What the exercise asks:
An exact reproduction of all the data is needed, with no images in it.

Top of Dataset records

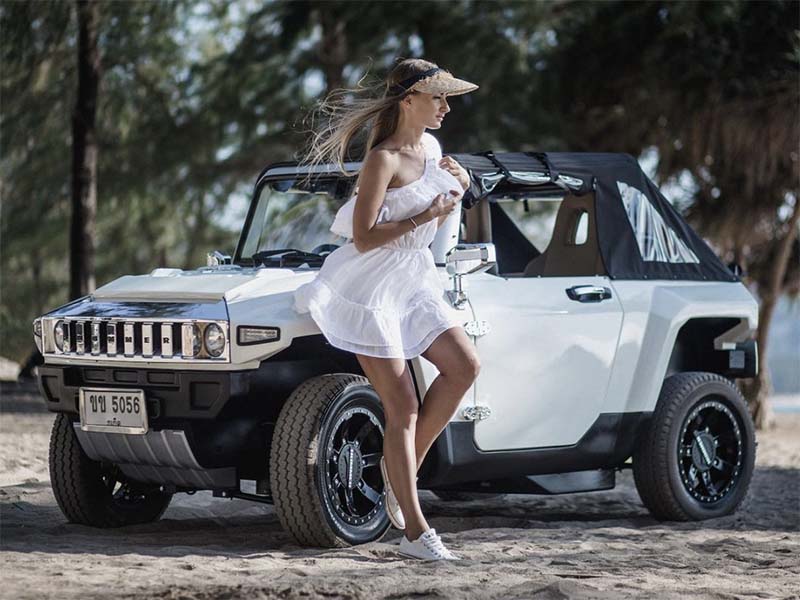 woman standing next to white electric hummer on beach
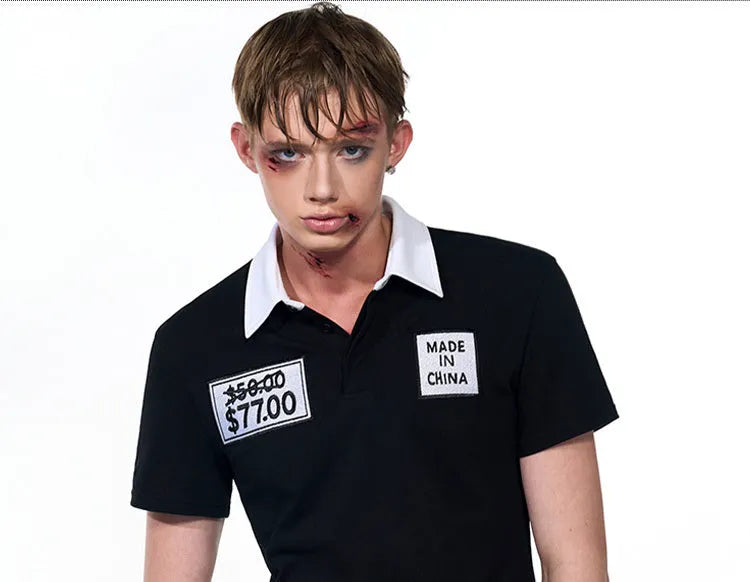 Black slim fit men's short sleeve polo shirt with embroidery detail on the front.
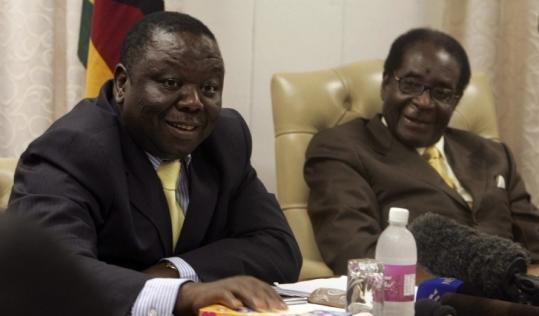 Prime Minister Morgan Tsvangirai (left) and President Robert Mugabe were jovial, but they still have issues to resolve.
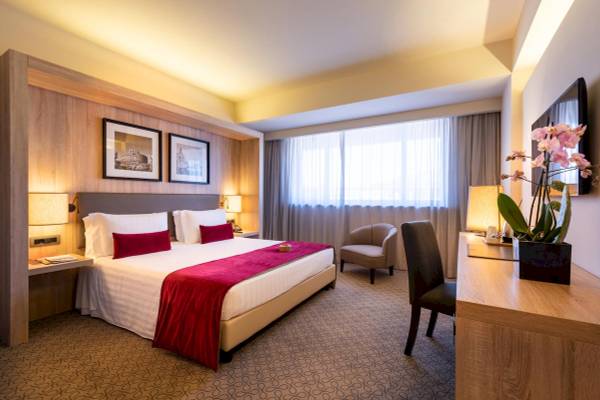 Innenansicht eines Schlafzimmers im A.Roma Lifestyle Hotel mit Bett, Nachttischen, Lampen, Stühlen und einem Schreibtisch.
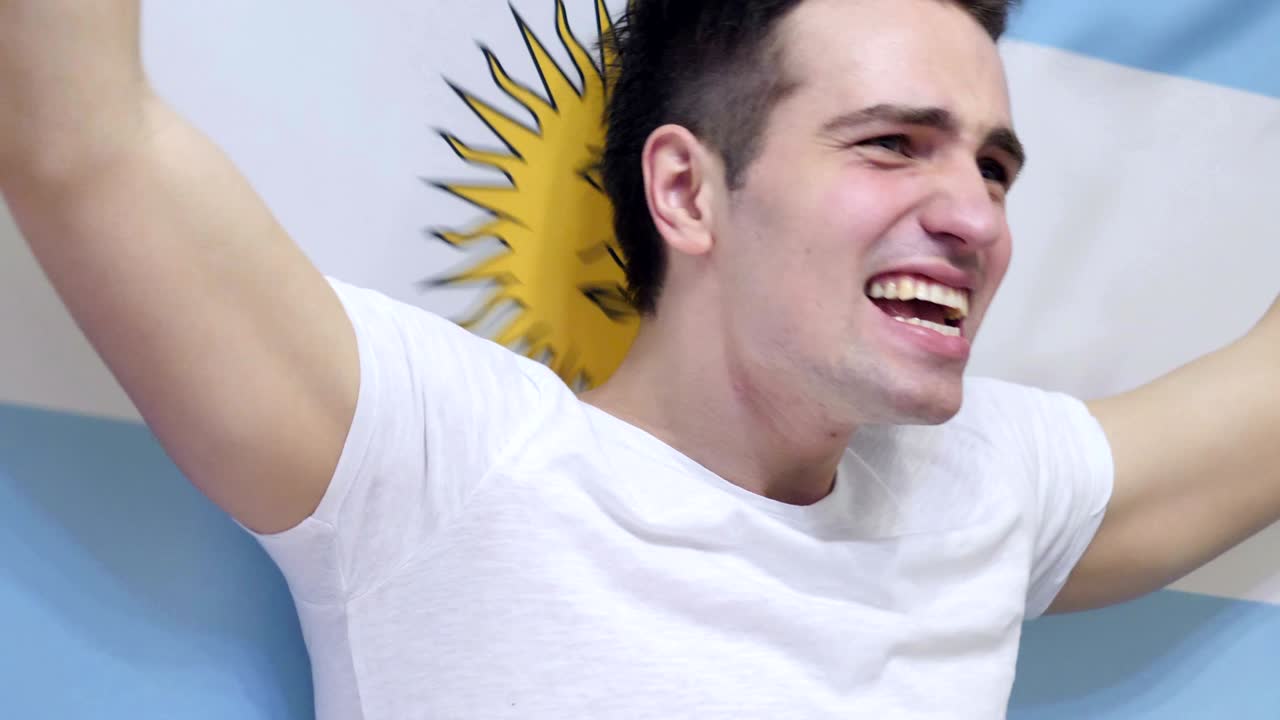 joven argentino celebrando mientras sostiene la bandera de argentina en cámara lenta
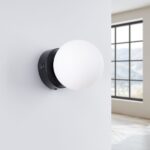 Round white glass ball wall light on a black backplate with a switch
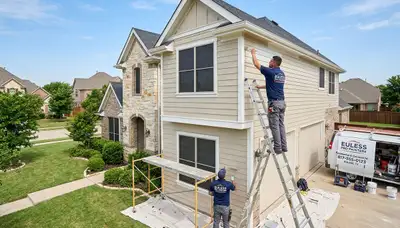 Professional house painters improving home exterior in Arlington, TX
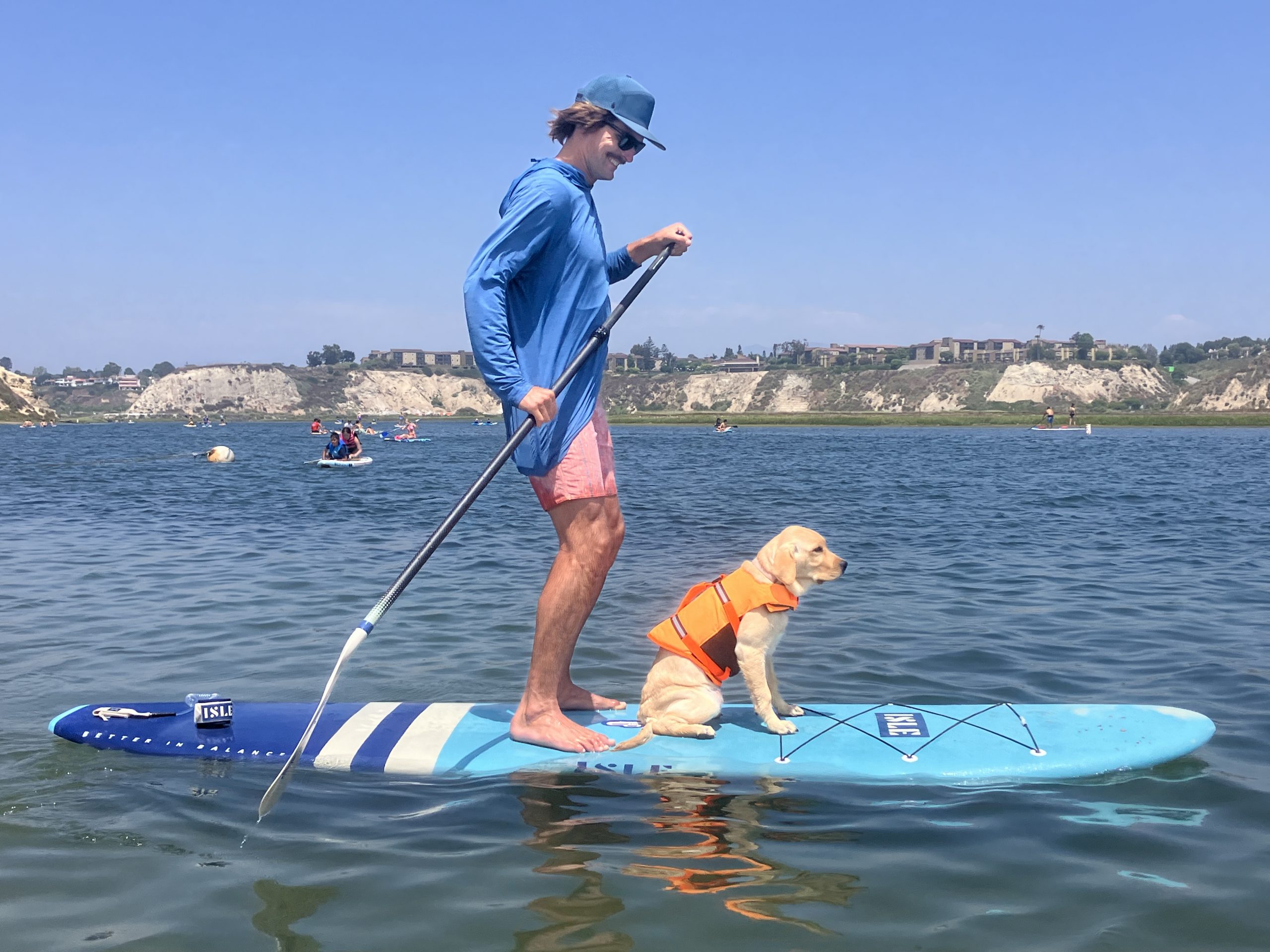 a man and a puppy paddle boarding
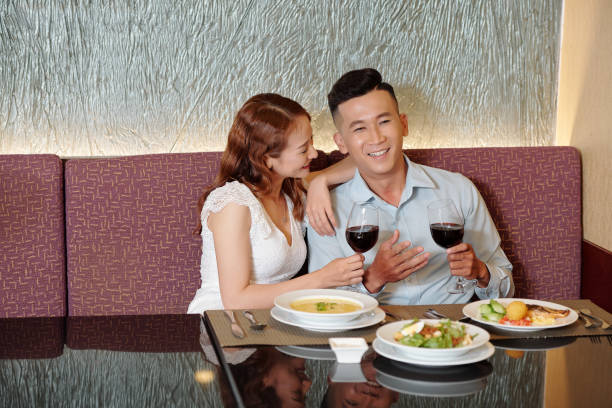 istock Young couple in fancy restaurant 1319720972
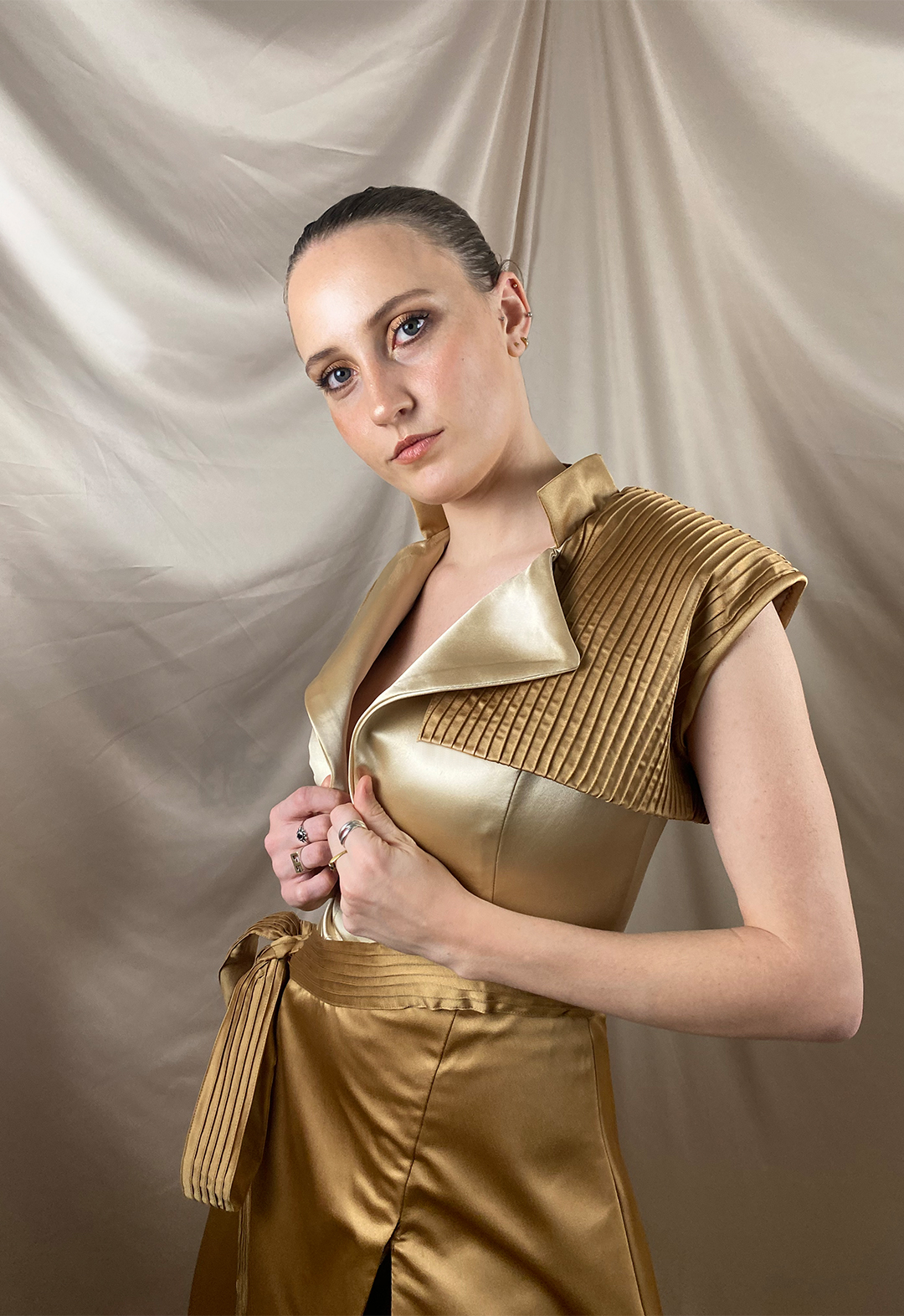 Close-up of a model wearing a two-toned gown with a notched collar bodice, with a pin-tucked vest and belt. 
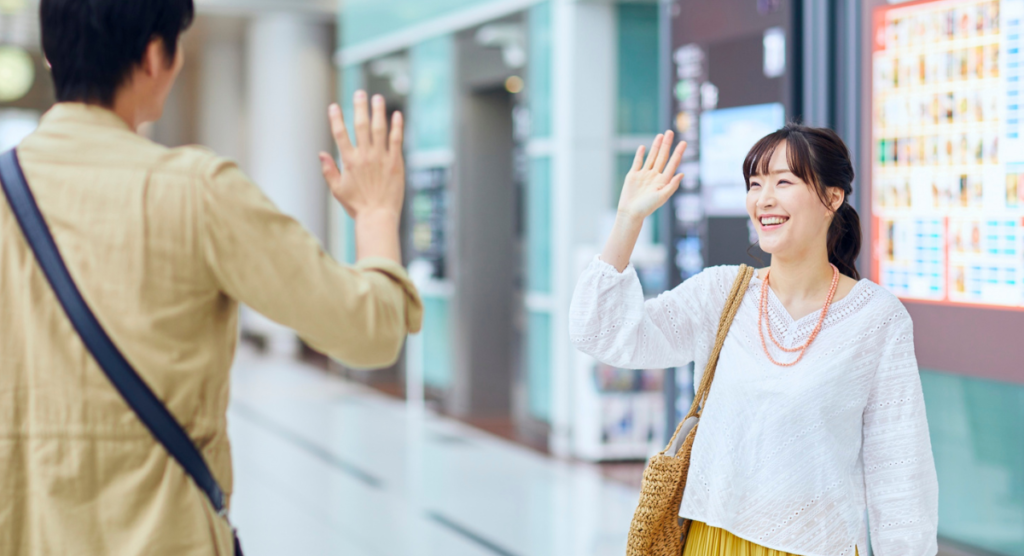 A smiling woman waves back at a friend, illustrating how familiar narrative cues can reappear at the right moment to guide users back into your SaaS product flow.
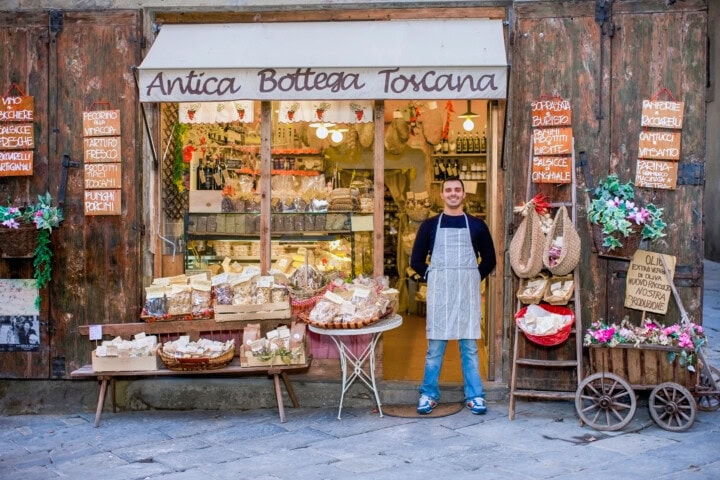 A shop owner stands in front of "Antica Bottega Toscana," a store with a rustic wooden facade, displaying a variety of traditional Italian goods and products outside, inviting travelers to experience the charm of Italy's rich heritage.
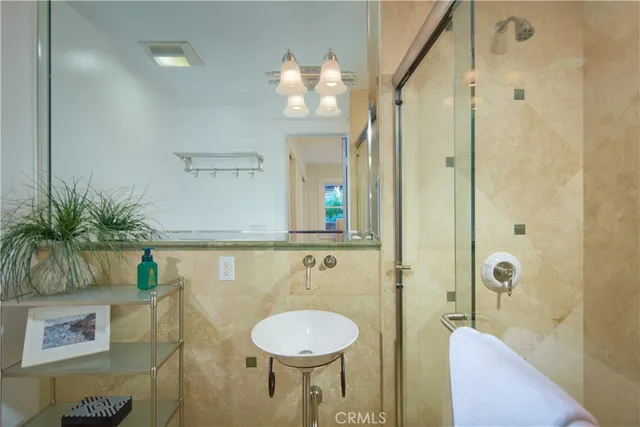 a bathroom with a granite countertop sink a toilet and shower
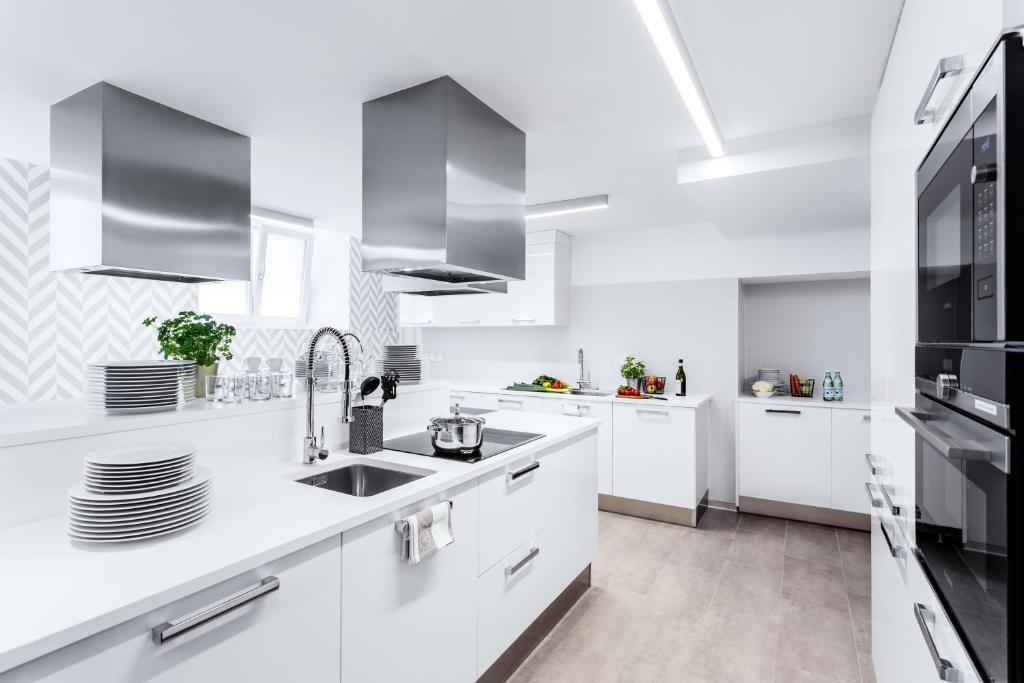 A cozinha ou kitchenette de VISIONAPARTMENTS Vevey - contactless check-in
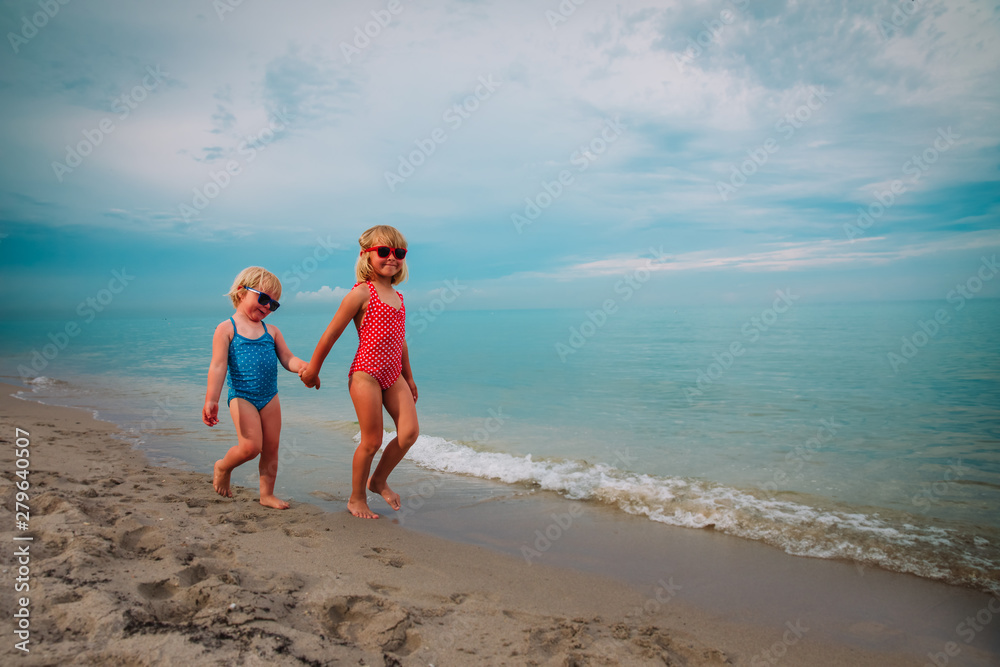 cute little girls go swim on beach vacation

Bottom of Dataset records

Reply:
 woman standing next to white electric hummer on beach
 Black slim fit men's short sleeve polo shirt with embroidery detail on the front.
 Prime Minister Morgan Tsvangirai (left) and President Robert Mugabe were jovial, but they still have issues to resolve.
 Innenansicht eines Schlafzimmers im A.Roma Lifestyle Hotel mit Bett, Nachttischen, Lampen, Stühlen und einem Schreibtisch.
 joven argentino celebrando mientras sostiene la bandera de argentina en cámara lenta
 Round white glass ball wall light on a black backplate with a switch
 Professional house painters improving home exterior in Arlington, TX
 a man and a puppy paddle boarding
 istock Young couple in fancy restaurant 1319720972
 Close-up of a model wearing a two-toned gown with a notched collar bodice, with a pin-tucked vest and belt. 
 A smiling woman waves back at a friend, illustrating how familiar narrative cues can reappear at the right moment to guide users back into your SaaS product flow.
 A shop owner stands in front of "Antica Bottega Toscana," a store with a rustic wooden facade, displaying a variety of traditional Italian goods and products outside, inviting travelers to experience the charm of Italy's rich heritage.
 a bathroom with a granite countertop sink a toilet and shower
 A cozinha ou kitchenette de VISIONAPARTMENTS Vevey - contactless check-in
 cute little girls go swim on beach vacation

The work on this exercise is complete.